In Pennsylvania, for example, Clinton held a lead of nearly 9 points in the RealClearPolitics average with less than a month to go until the election, only to watch the lead get cut all the way down to less than 2 points by Election Day.
Prediction models, which were universal in forecasting the race for Clinton, didn't account for something simple that would have likely given Trump a much greater chance, Tranter said.
Getty Images/Slaven Vlasic
Each model had given individual odds for Trump to win the three states. Combined, it seemed highly unlikely that he could pull off upsets in all three. But what the numbers didn't account for, Tranter said, was that if Trump won just one of the three states, it was much more likely that he would win the other two.
This should have, in turn, increased his odds of being able to pull off the sweep.
"Something that may have not been taken into account in public models is that if one state goes Trump it adjusts the probability that another state goes Trump," he said. "I wouldn't be surprised to find some correlation between Wisconsin going Trump thus increasing the odds Pennsylvania goes Trump."
"Correlation is not causation, but it can be explanatory and should be accounted for," he added.
The lessons
Polling "is not dead," says Matt Oczkowski of Cambridge Analytica, the analytics team that worked with Trump's campaign and the Republican National Committee during the presidential race.
"People who say polling is dead are foolish," he said. "Polling is not dead, it's necessary for what we do. We need it for research. It's the way polling is conducted that has to be changed. What we did goes to show that polling needs to be combined with data science to be successful."
Oczkowski said pollsters "making guesses on old intuitions and old methodologies isn't going to work anymore."
"Understanding who you are polling, understanding what the map looks like, what the electorate looks like is so important, and that's why so much of the public polling was off," he continued. "So proper investment in doing more polling but coupling that with a data science program is really going to be the future."
Problems at the state level this time around were no shock to Michael Ramlet, CEO of the online-polling firm Morning Consult. He said the results are a direct consequence of "the old-school" polling methods.
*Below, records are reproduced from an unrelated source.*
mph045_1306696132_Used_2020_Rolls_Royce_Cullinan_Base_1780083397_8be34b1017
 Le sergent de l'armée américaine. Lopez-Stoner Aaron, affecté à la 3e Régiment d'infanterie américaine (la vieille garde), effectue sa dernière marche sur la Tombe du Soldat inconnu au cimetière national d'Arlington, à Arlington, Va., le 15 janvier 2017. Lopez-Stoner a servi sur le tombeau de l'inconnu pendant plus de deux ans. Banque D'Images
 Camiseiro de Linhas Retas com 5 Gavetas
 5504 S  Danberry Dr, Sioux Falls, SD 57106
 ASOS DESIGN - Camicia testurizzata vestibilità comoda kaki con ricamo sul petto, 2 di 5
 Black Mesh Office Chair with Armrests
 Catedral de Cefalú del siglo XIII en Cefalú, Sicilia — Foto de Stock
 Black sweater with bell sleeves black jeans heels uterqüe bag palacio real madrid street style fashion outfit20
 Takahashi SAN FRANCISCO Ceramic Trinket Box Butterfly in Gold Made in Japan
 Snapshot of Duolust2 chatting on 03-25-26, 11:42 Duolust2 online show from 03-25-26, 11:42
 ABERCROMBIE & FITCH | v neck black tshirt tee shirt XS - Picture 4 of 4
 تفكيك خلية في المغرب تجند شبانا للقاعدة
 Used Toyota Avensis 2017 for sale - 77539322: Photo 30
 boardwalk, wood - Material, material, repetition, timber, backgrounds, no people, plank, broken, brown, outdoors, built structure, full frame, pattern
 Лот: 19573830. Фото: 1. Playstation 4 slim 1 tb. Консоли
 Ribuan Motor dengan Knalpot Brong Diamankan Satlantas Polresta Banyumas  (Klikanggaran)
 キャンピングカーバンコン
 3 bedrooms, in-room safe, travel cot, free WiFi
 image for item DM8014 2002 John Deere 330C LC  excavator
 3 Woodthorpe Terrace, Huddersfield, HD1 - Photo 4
"What happened is you've got a lot of the usual suspects like a lot of the universities, like Quinnipiac and others, that do a lot of state polling, and then you've got the Wall Street Journal, NBC/Marist poll," he said. "All of those polls usually have one thing in common - they're using a live-telephone methodology."
Morning Consult had conducted a study in December 2015 that produced evidence for a theory of "shy" Trump voters who experience social desirability bias during telephone interviews - that is, they don't want to admit they're voting for Trump. Ramlet felt that played out in the general election.
"I think that played into greater degree of effect in Midwestern states where, generally speaking, pretty educated populace, above average income nationally," he said. "And what we're seeing is there is probably some degree of that desirability issue combined with some outdated methodology. I don't think we're shocked that the state polls got it wildly wrong, just surprised at the widespread degree that they got it wrong, giving a false sense to the prognosticators."
"The biggest failure of the larger polling community," he said, "was that they were implying that this race was not as close as it was."
Maxwell Tani contributed to this report.